━━━ Input for this task
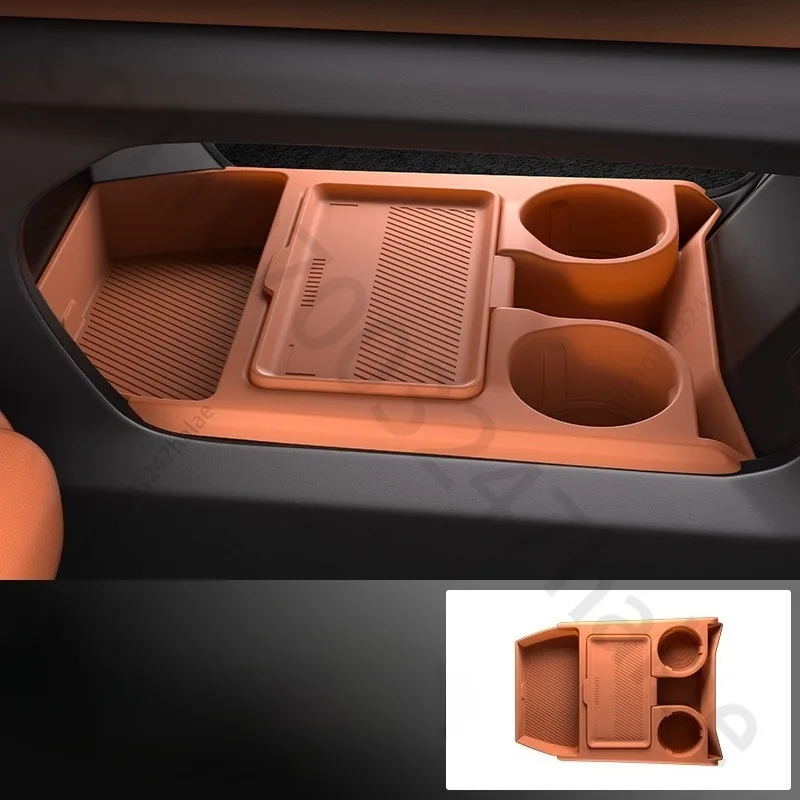 Center Console Lower Storage Box Divider Cable Organizer Dustproof Easy Access Fit Auto Accessories For Jetour Dashing 2025 2026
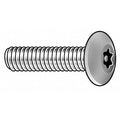 #10-32 x 3/8 in Torx Button Tamper Resistant Screw, Black Oxide Finish, Steel, 25 PK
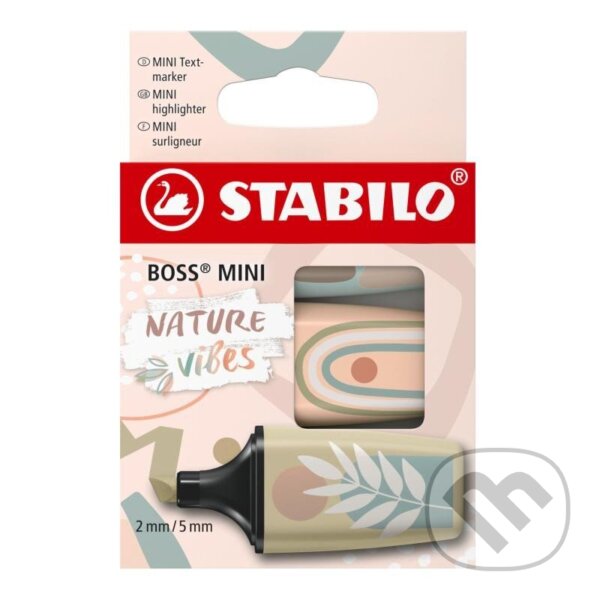 Levně Zvýrazňovač STABILO BOSS MINI Naturevibes - sada 3 ks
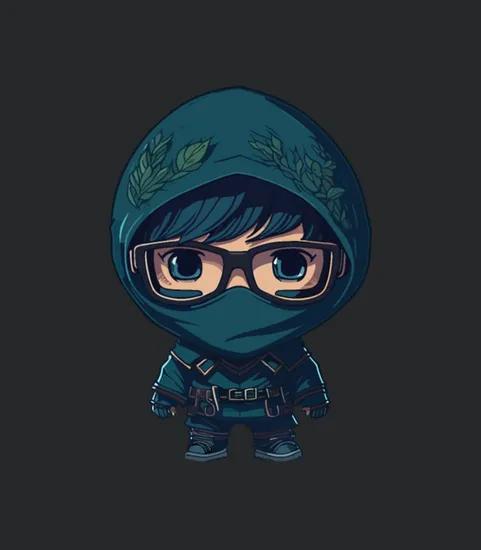 Nerdy Ninja With Glasses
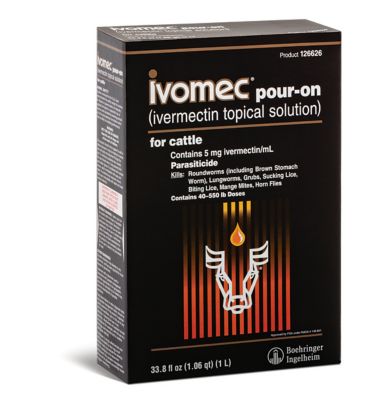 Ivomec Pour-On Cattle Parasite Control, 1 L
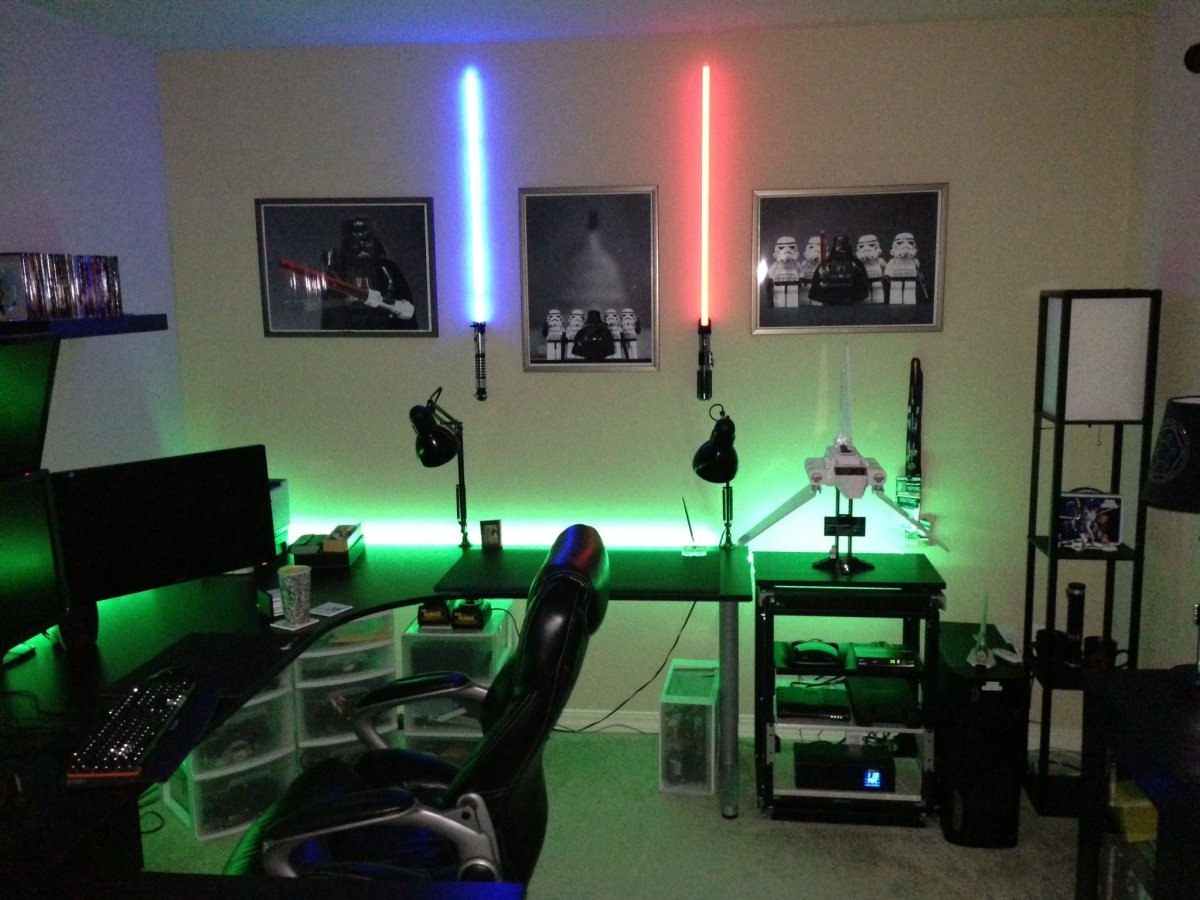 Лампы для геймерской комнаты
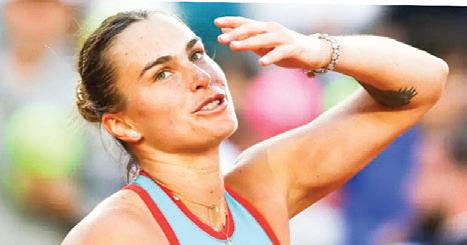 Sabalenka surges into third round after slow start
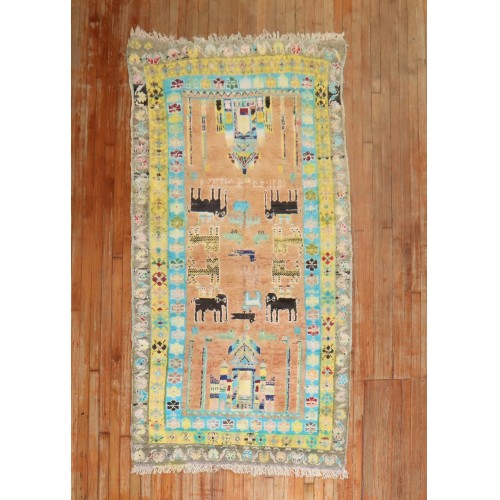 Moroccan Animal Pictorial Rug No. j3566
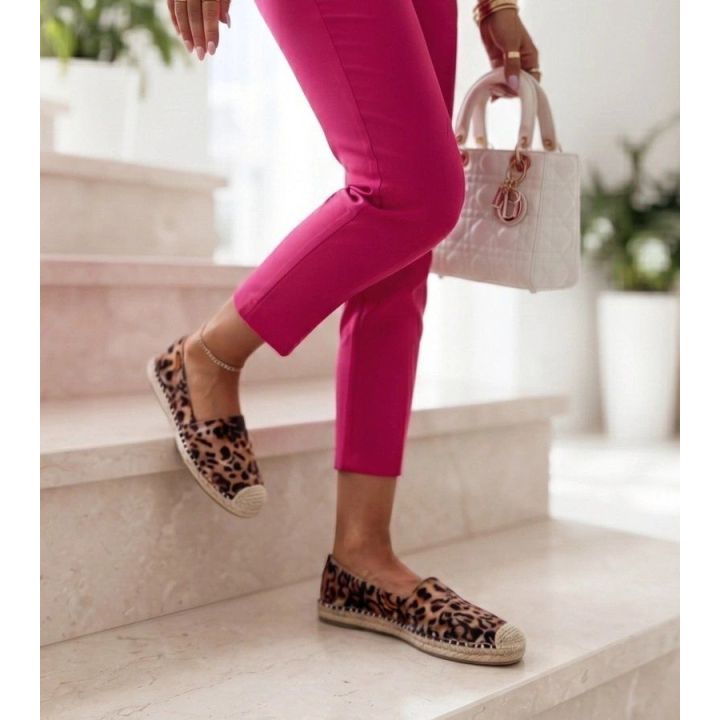 Moteriškos leopardinės espadrilės ant platformos Maxwell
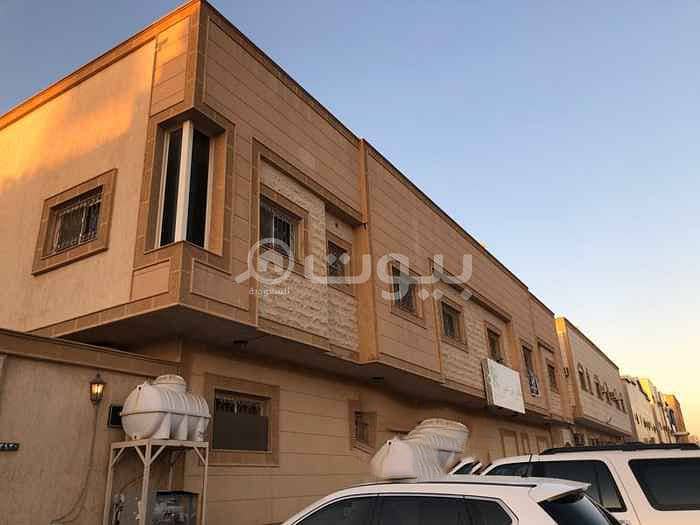 شقة عوائل دورين وسطح خاص للإيجار في حي التعاون، شمال الرياض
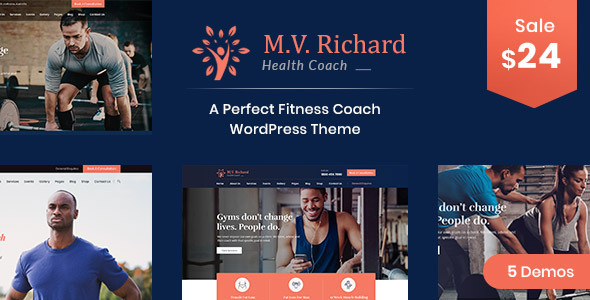 MV Richard - Health and Fitness WordPress Theme icon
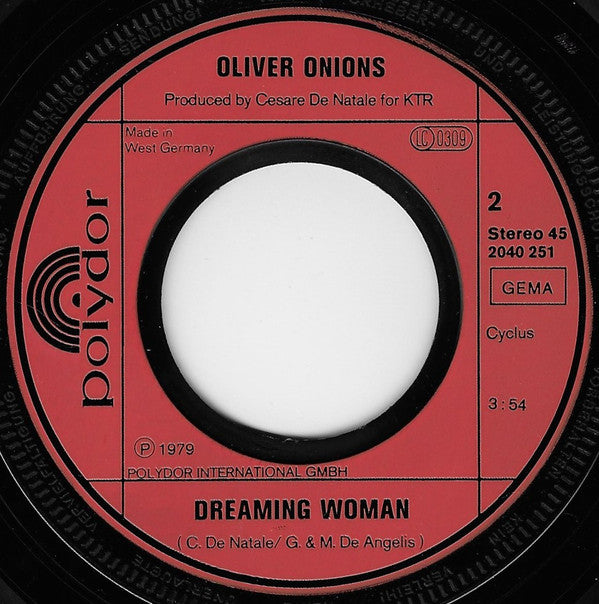 Oliver Onions : Sheriff (7", Single)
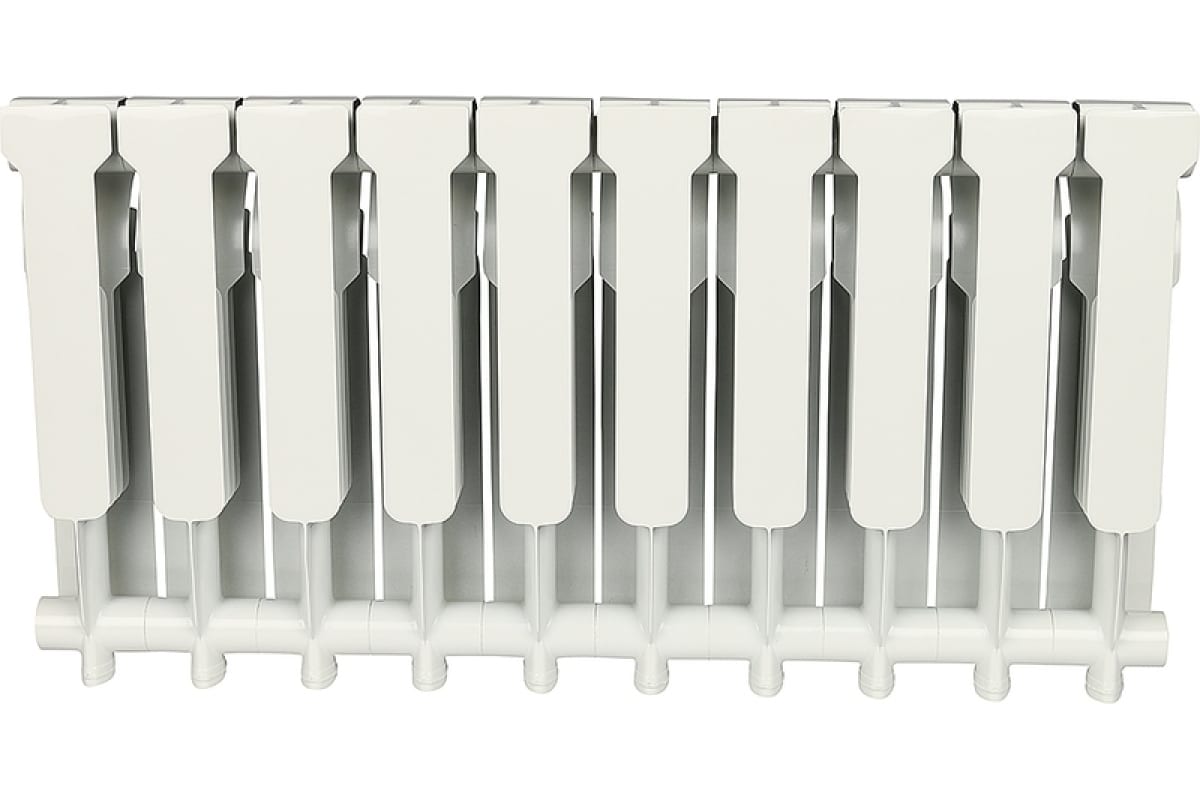 Алюминиевый радиатор Rommer Profi 350 AL350-80-80-080 10 секций RAL9016 86623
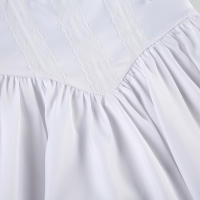 Vestido De Verano Elegante Heyoungirl Con Encaje Y Alzas En Los Hombros Y Aros En Blanco Estilo Princesa A-Line Con Protecciones De Seno Chic Para Vacaciones - details 5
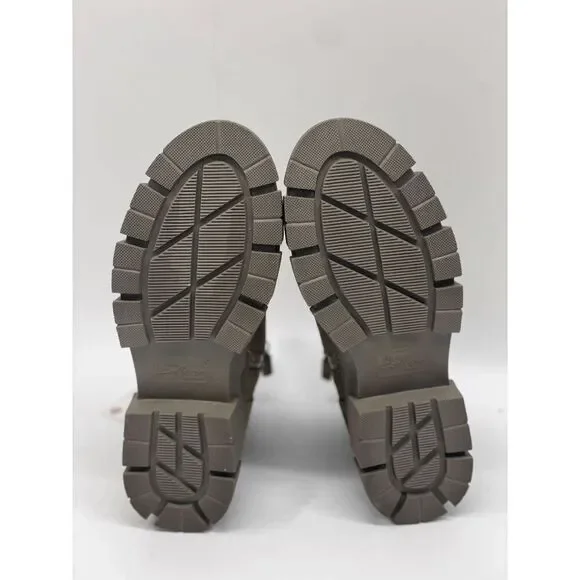 Aqua College Women's Priya Pull-On Ankle Boots - Dark Taupe 7.5M - Picture 4 of 7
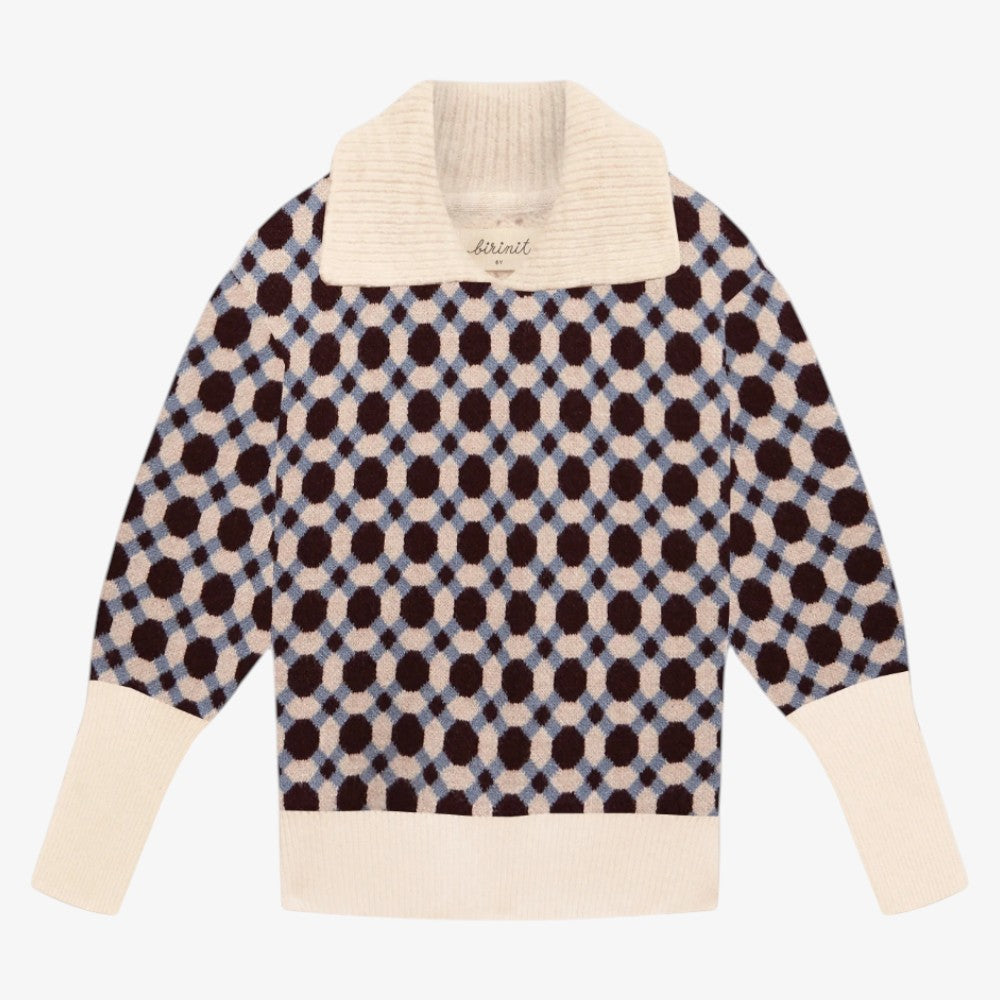 Geometric Sweater - Cream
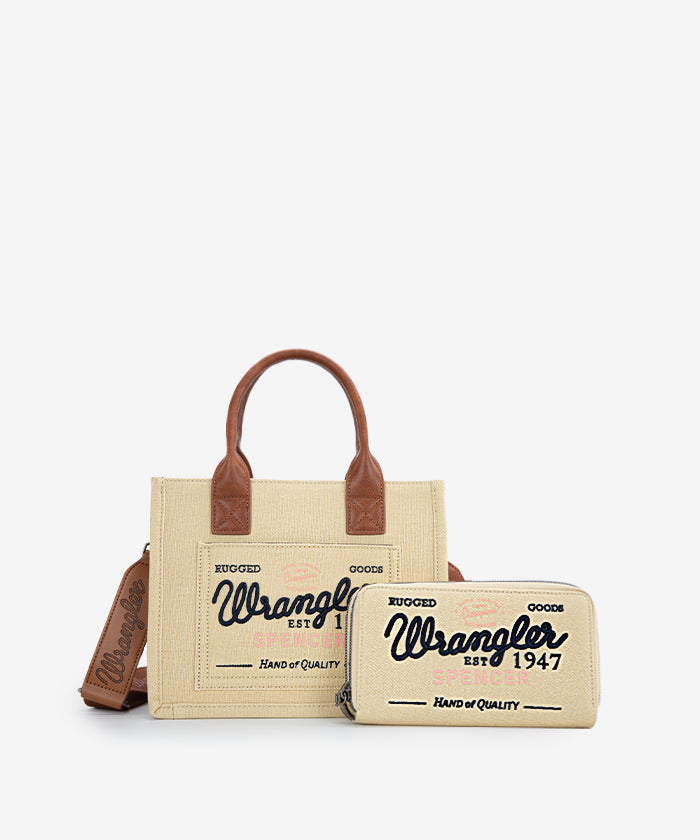 Wrangler Canvas Crossbody Bag Set for Women & Men - Durable & Stylish Shoulder Bag - Perfect for Travel, Hiking & Everyday Use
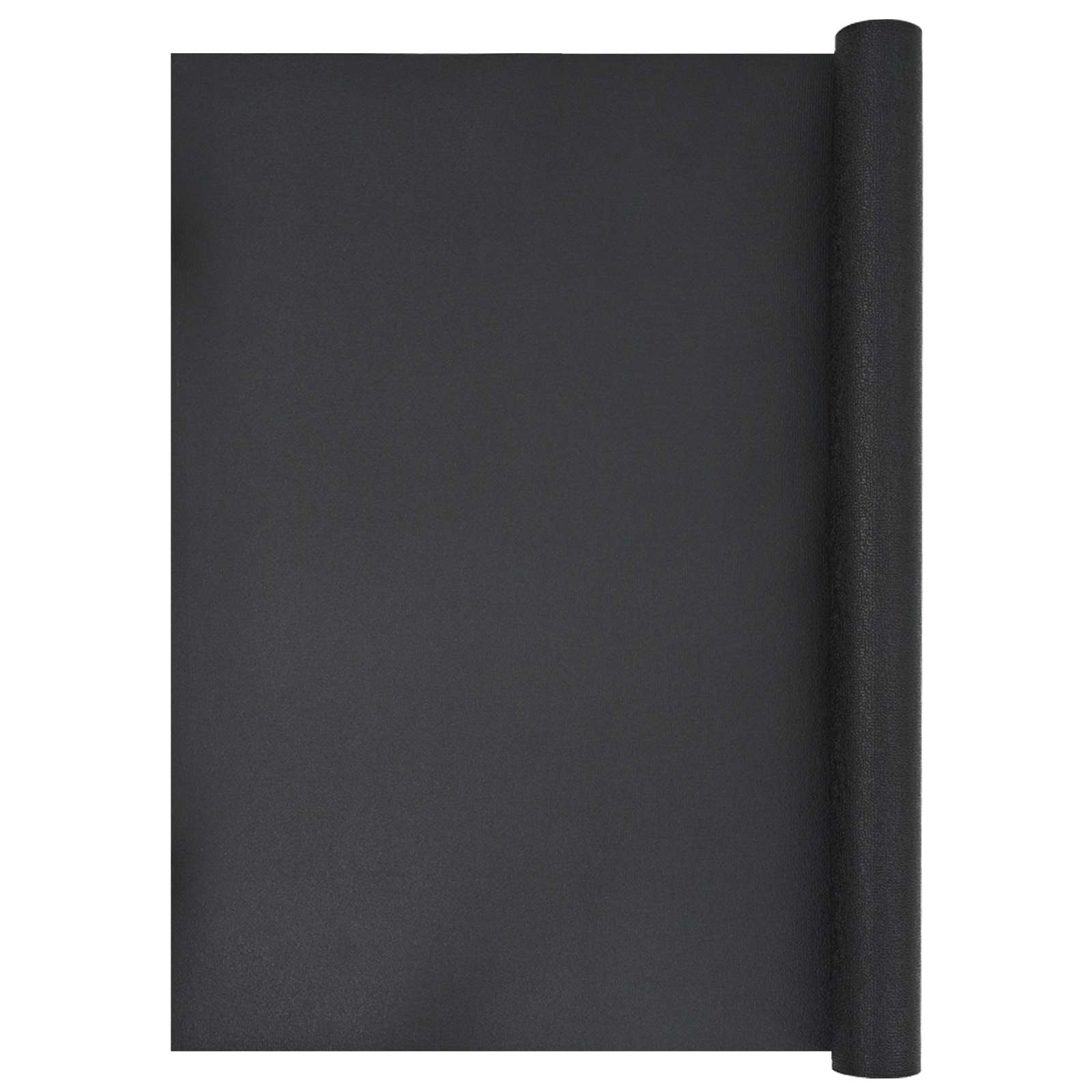 Sportvédő matrac fekete 183 x 122 x 0,6 cm magas sűrűségű pvc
━━━━━━
Write out a verbatim copy of the lines from the line that contains "Levně Zvýrazňovač STABILO" through the end of the entries above; pictures are not copied.

 Levně Zvýrazňovač STABILO BOSS MINI Naturevibes - sada 3 ks
 Nerdy Ninja With Glasses
 Ivomec Pour-On Cattle Parasite Control, 1 L
 Лампы для геймерской комнаты
 Sabalenka surges into third round after slow start
 Moroccan Animal Pictorial Rug No. j3566
 Moteriškos leopardinės espadrilės ant platformos Maxwell
 شقة عوائل دورين وسطح خاص للإيجار في حي التعاون، شمال الرياض
 MV Richard - Health and Fitness WordPress Theme icon
 Oliver Onions : Sheriff (7", Single)
 Алюминиевый радиатор Rommer Profi 350 AL350-80-80-080 10 секций RAL9016 86623
 Vestido De Verano Elegante Heyoungirl Con Encaje Y Alzas En Los Hombros Y Aros En Blanco Estilo Princesa A-Line Con Protecciones De Seno Chic Para Vacaciones - details 5
 Aqua College Women's Priya Pull-On Ankle Boots - Dark Taupe 7.5M - Picture 4 of 7
 Geometric Sweater - Cream
 Wrangler Canvas Crossbody Bag Set for Women & Men - Durable & Stylish Shoulder Bag - Perfect for Travel, Hiking & Everyday Use
 Sportvédő matrac fekete 183 x 122 x 0,6 cm magas sűrűségű pvc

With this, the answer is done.